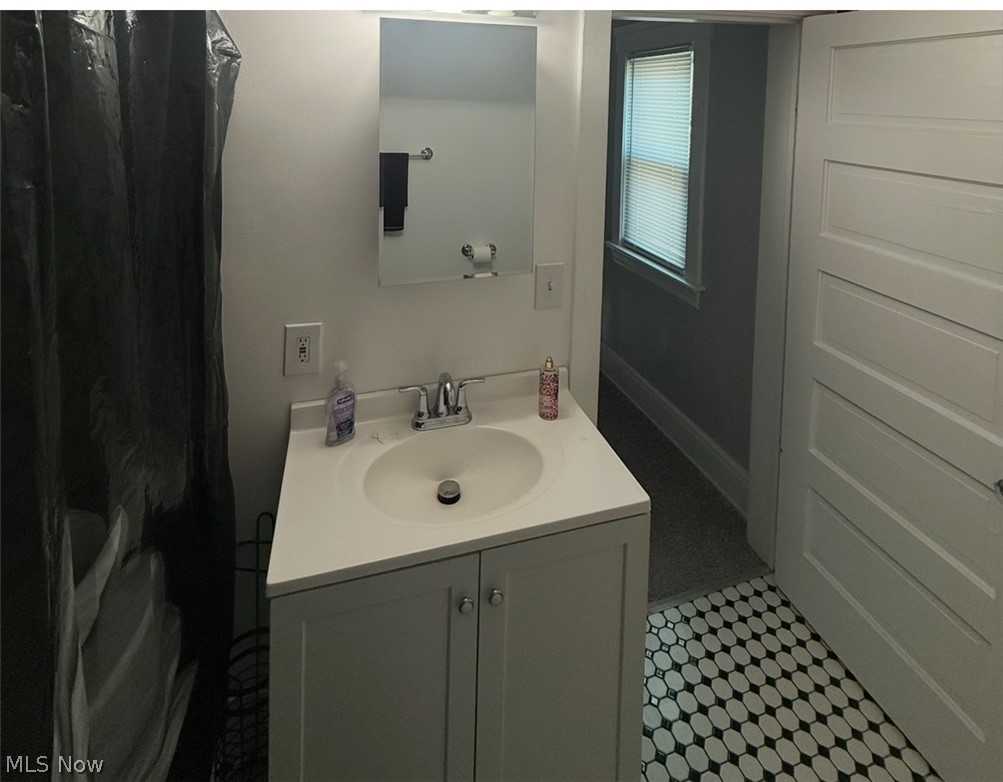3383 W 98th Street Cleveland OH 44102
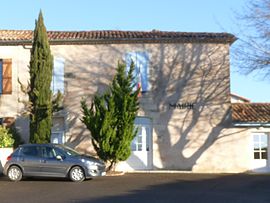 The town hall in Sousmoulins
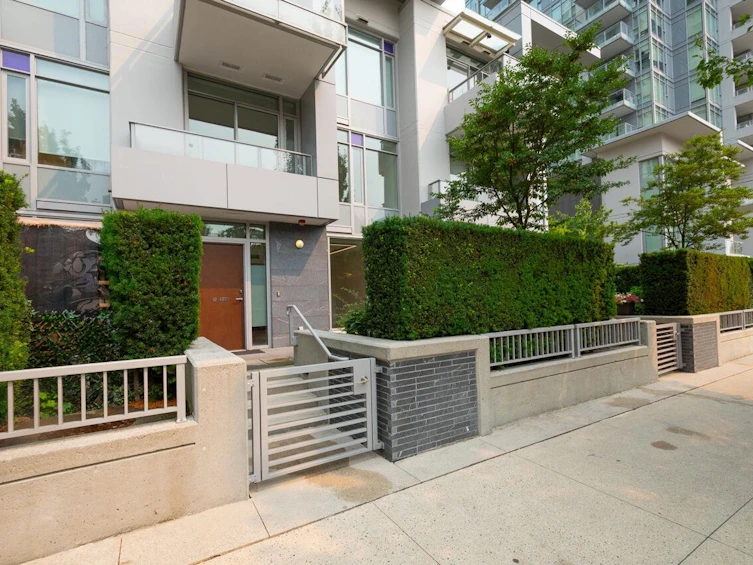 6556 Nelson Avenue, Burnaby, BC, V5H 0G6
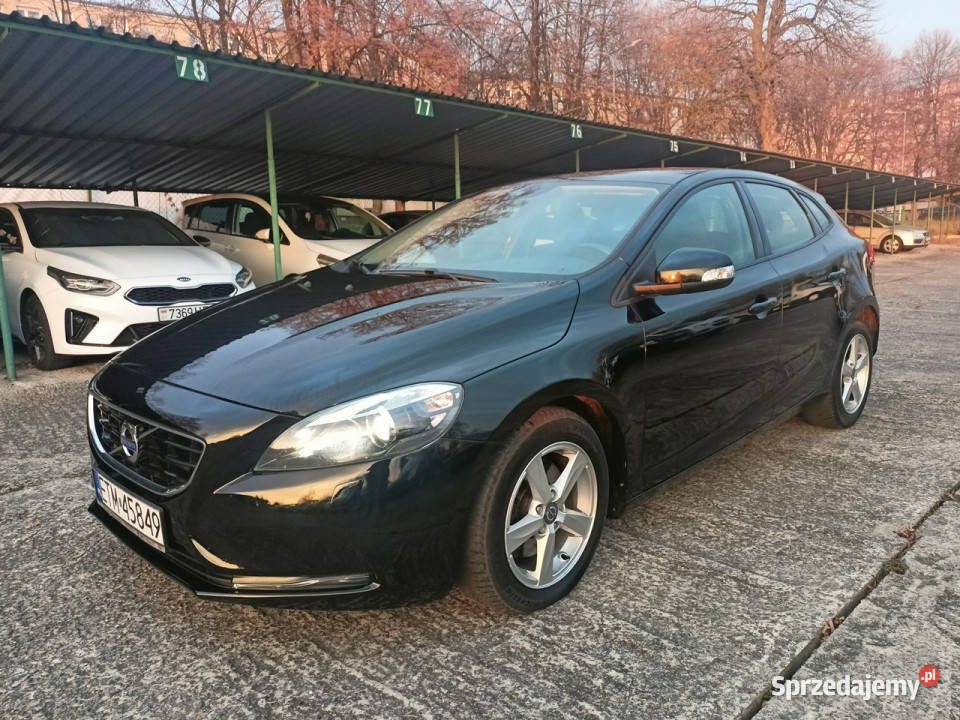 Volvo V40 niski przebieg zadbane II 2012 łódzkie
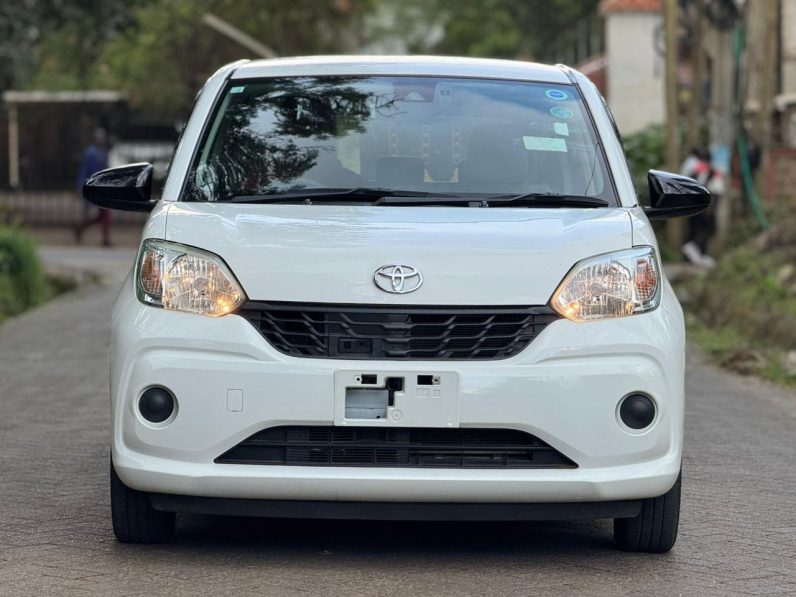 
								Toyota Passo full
────
• [HOW TO COMPLETE THIS TASK]:
Return every entry word for word, minus the pictures.

• [WRITTEN SOLUTION]:
3383 W 98th Street Cleveland OH 44102
 The town hall in Sousmoulins
 6556 Nelson Avenue, Burnaby, BC, V5H 0G6
 Volvo V40 niski przebieg zadbane II 2012 łódzkie
								Toyota Passo full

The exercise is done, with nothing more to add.